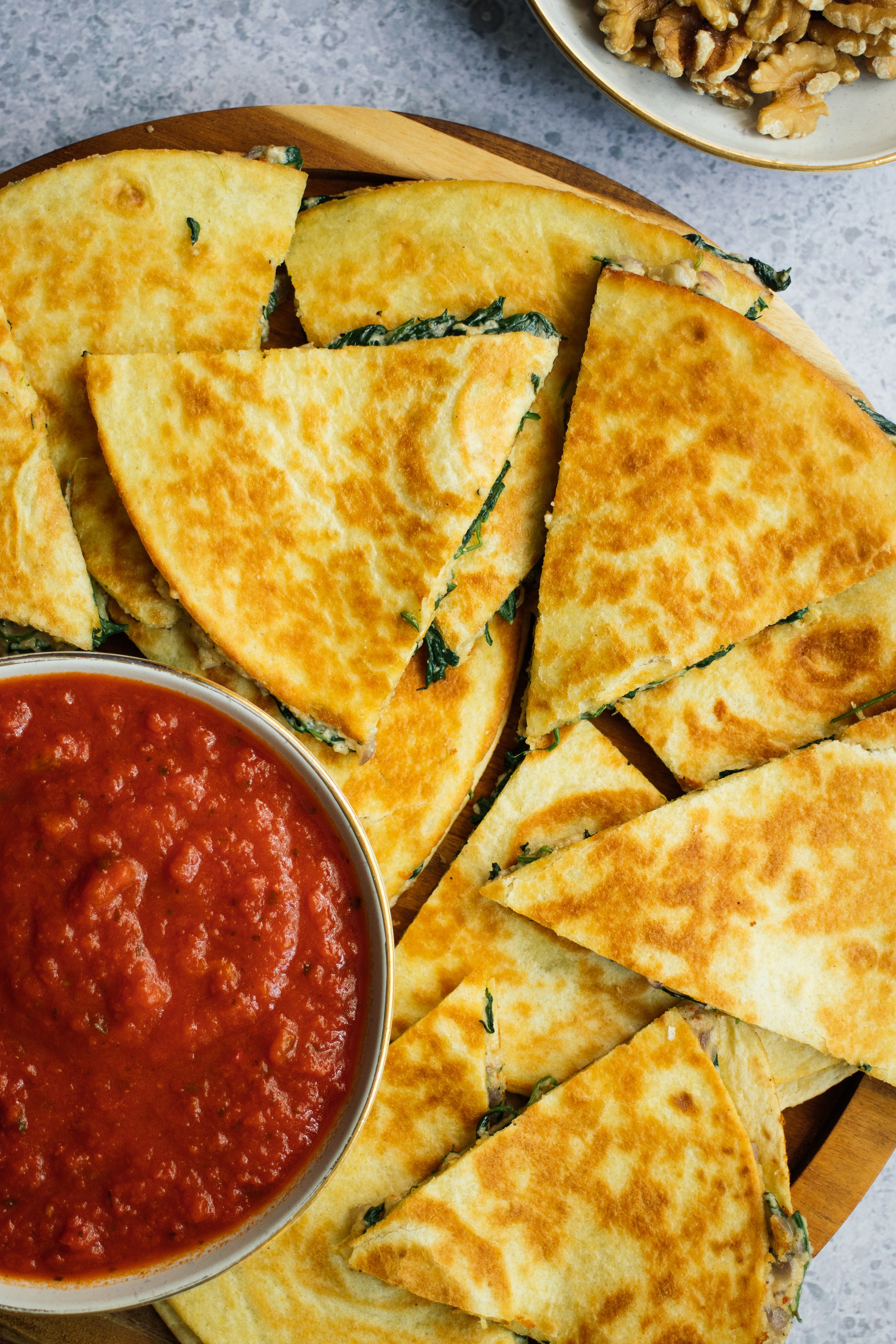Vegane spinat Quesadillas serviert mit dip
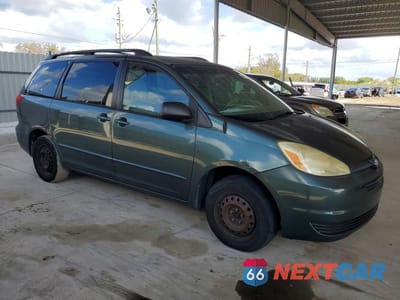 Czwarte zdjęcie samochodu z boku: 2004 TOYOTA SIENNA LE 7 PASSENGER VIN:5TDZA23C24S061102 - miniatura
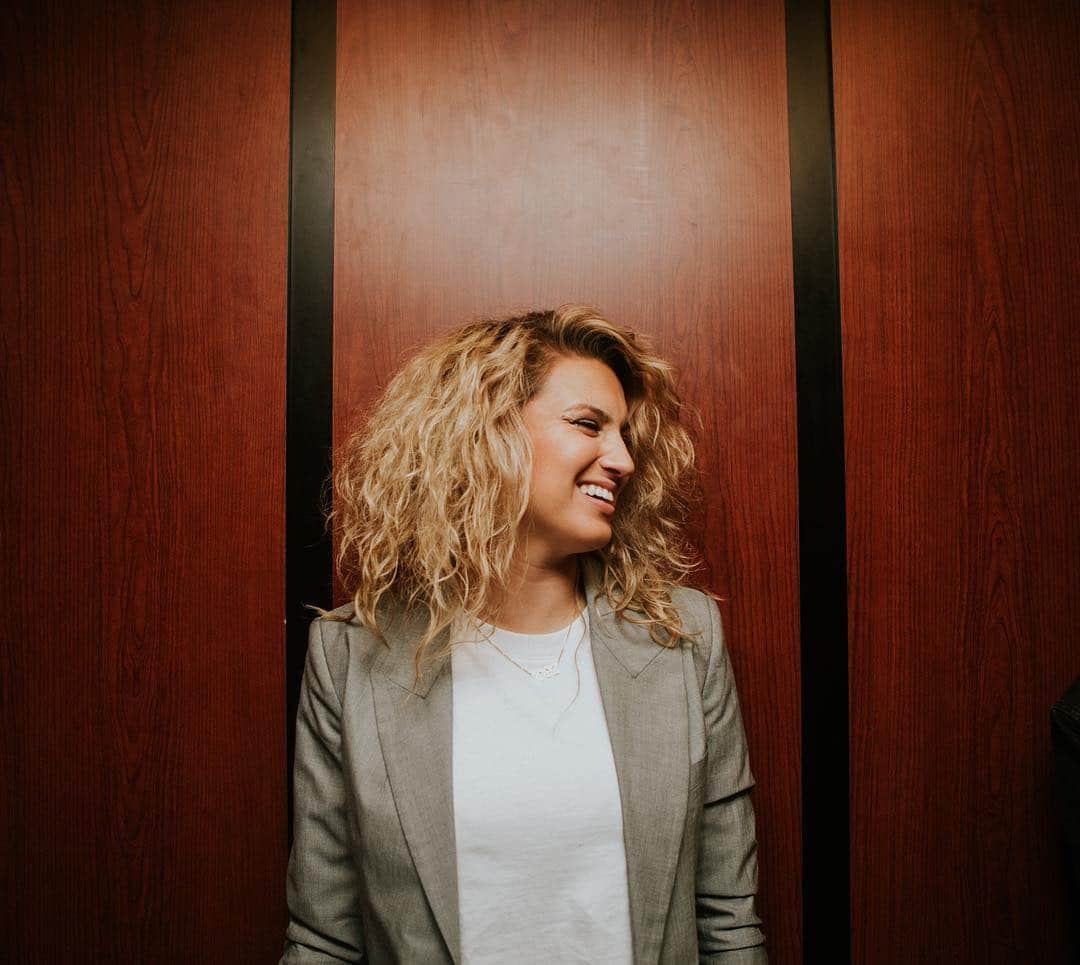 トーライ・ケリーのインスタグラム：「when you’re sad because there’s only 3 shows left of tour but then you think about what’s next 🙃  see you tonight st. pete!! #AcousticSessions」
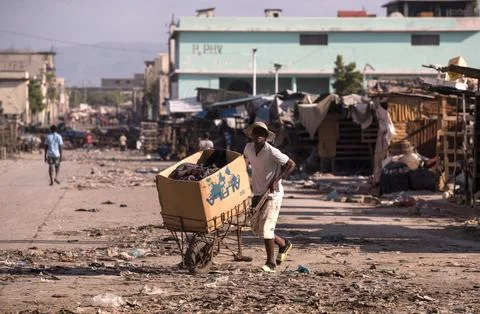 Second day of strike keeps Haiti paralyzed, Port Au Prince - 26 Oct 2021 스톡 사진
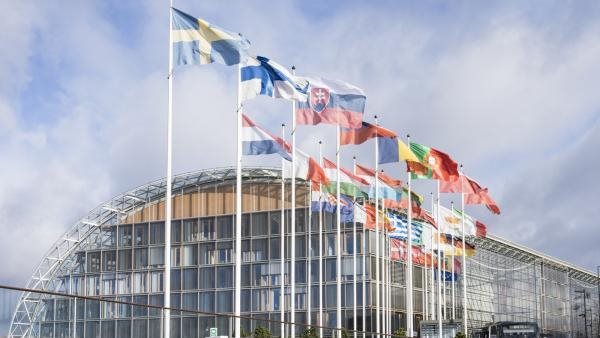 البنك الأوروبي للاستثمار يدعم مشاريع الطاقة المتجددة في إيطاليا وآسيا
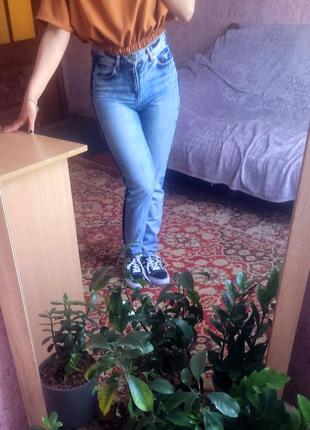Женские джинсы мом3 фото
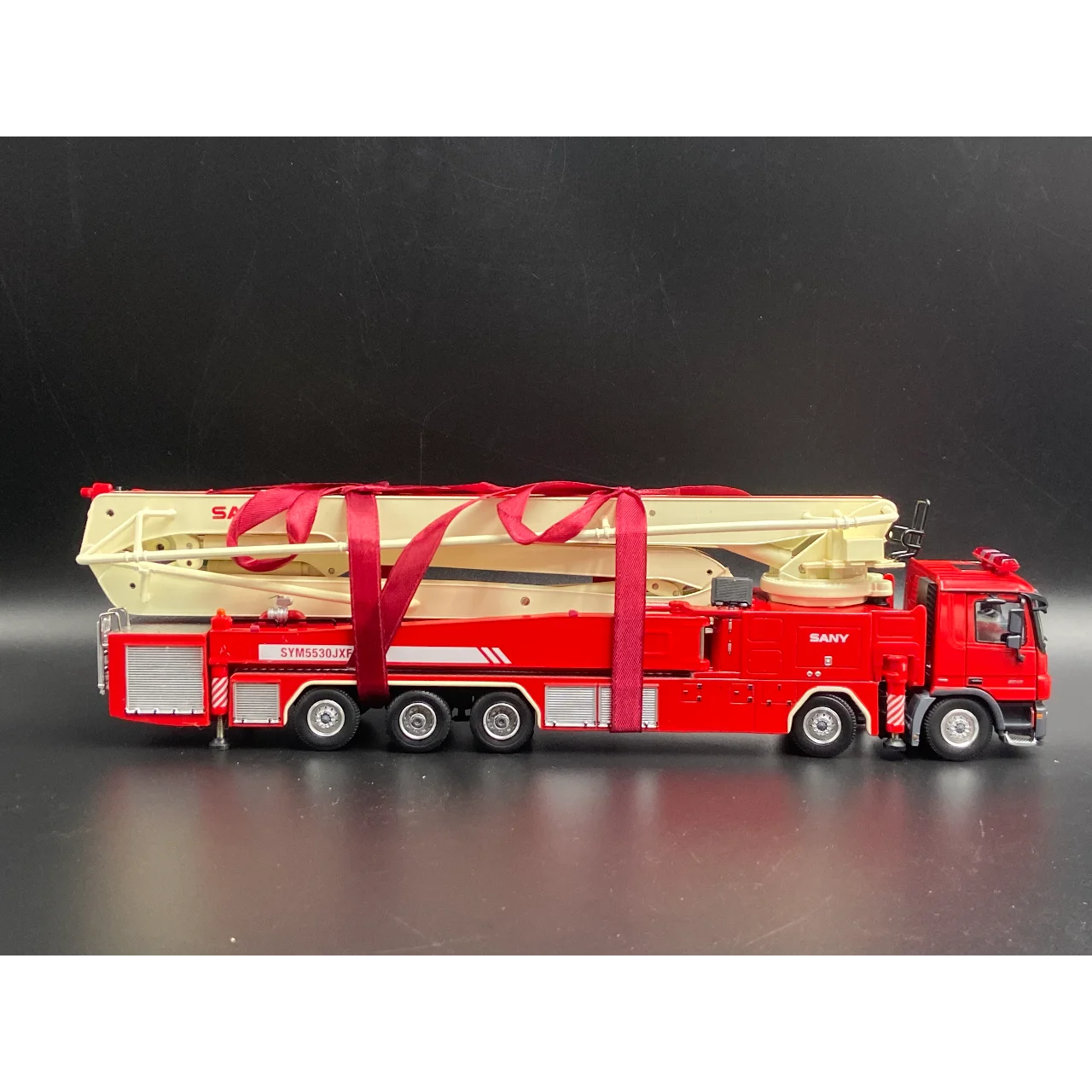 Diecast escala 1:50 Sany 62 metros motor de bombeiros Benz caminhão liga modelo de carro brinquedo colecionável presente lembrança exibição ornamento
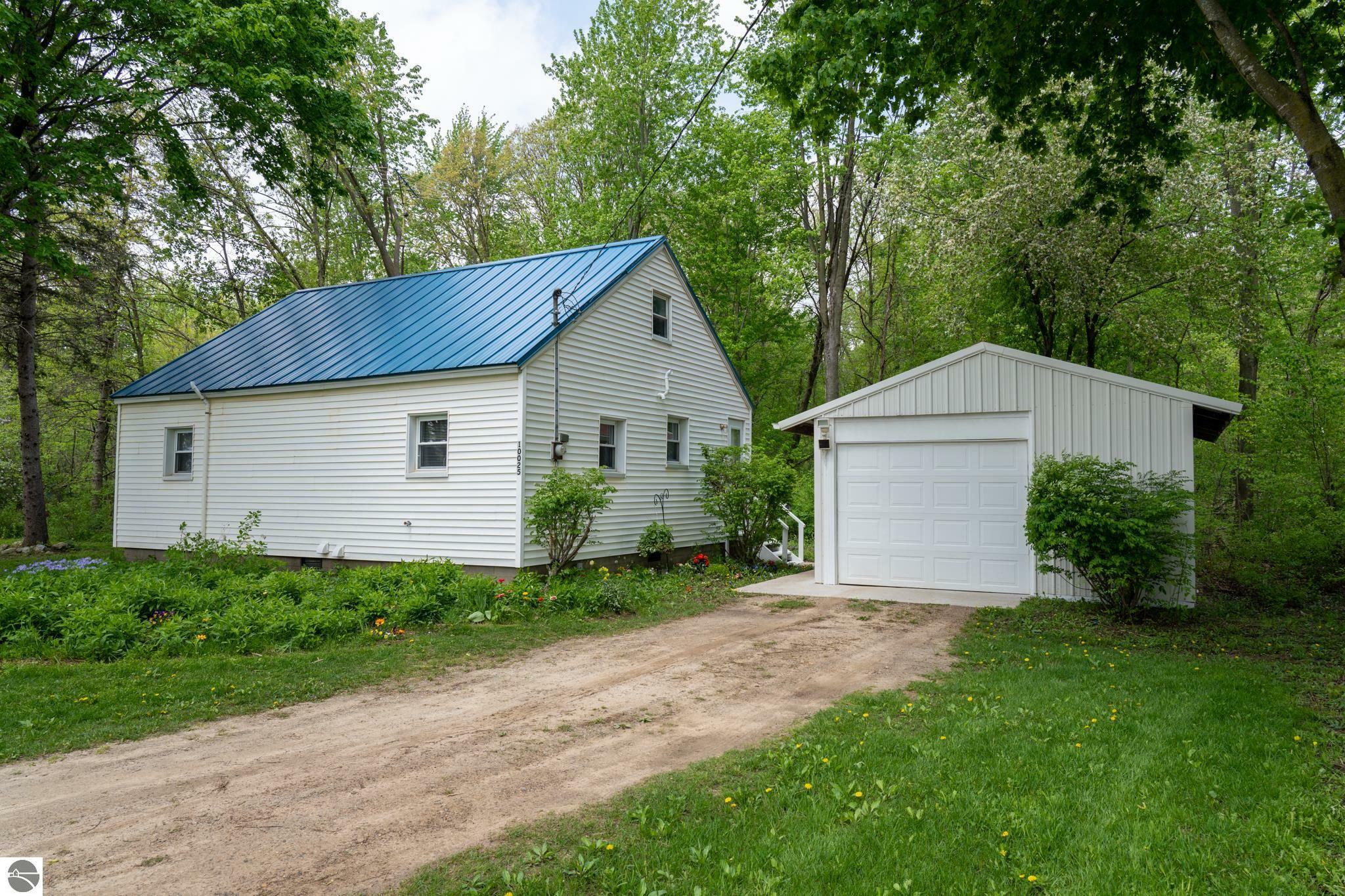 Property Photo:  10025 E Baseline Road  MI 48858 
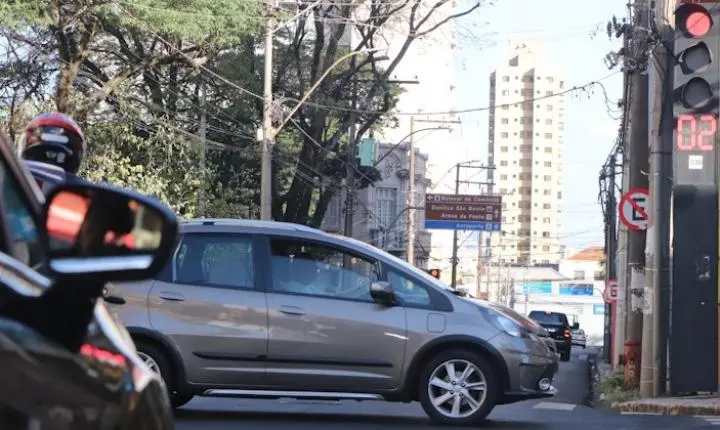 Prefeitura estuda substituição de semáforos inteligentes no trânsito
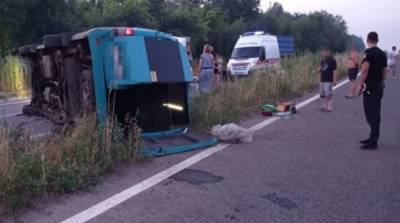 В Луганской области перевернулась маршрутка с пассажирами, есть пострадавшие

++++++

→ **What is expected**
Transcribe exactly the span of lines from the line holding "Diecast escala 1:50" through the last line above, both included. Pictures stay out.

→ **Task answer**
 Diecast escala 1:50 Sany 62 metros motor de bombeiros Benz caminhão liga modelo de carro brinquedo colecionável presente lembrança exibição ornamento
 Property Photo:  10025 E Baseline Road  MI 48858 
 Prefeitura estuda substituição de semáforos inteligentes no trânsito
 В Луганской области перевернулась маршрутка с пассажирами, есть пострадавшие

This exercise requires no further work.